● **WHAT YOU NEED TO DO**:
Search the material below for lines containing the string "that", and copy every one you find.

● **DATASET RECORDS**:
++++++++++++++++++++

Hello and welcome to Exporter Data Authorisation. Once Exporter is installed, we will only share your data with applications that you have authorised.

++++++++++++++++++++

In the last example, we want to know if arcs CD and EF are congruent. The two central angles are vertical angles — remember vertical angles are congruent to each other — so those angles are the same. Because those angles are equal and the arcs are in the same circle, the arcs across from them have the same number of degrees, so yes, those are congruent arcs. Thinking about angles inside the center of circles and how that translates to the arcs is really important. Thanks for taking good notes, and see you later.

++++++++++++++++++++

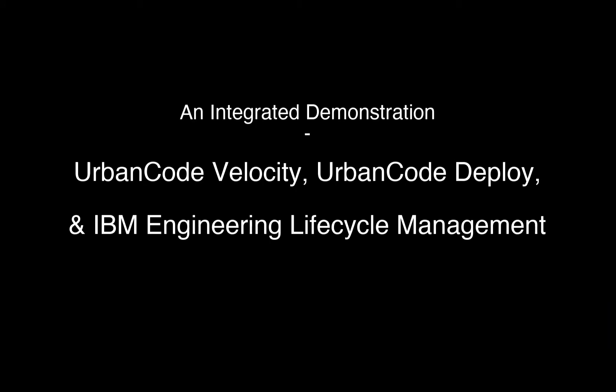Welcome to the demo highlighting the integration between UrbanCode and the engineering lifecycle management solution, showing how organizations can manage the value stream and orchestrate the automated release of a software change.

++++++++++++++++++++

● **RESPONSE**:
Hello and welcome to Exporter Data Authorisation. Once Exporter is installed, we will only share your data with applications that you have authorised.
In the last example, we want to know if arcs CD and EF are congruent. The two central angles are vertical angles — remember vertical angles are congruent to each other — so those angles are the same. Because those angles are equal and the arcs are in the same circle, the arcs across from them have the same number of degrees, so yes, those are congruent arcs. Thinking about angles inside the center of circles and how that translates to the arcs is really important. Thanks for taking good notes, and see you later.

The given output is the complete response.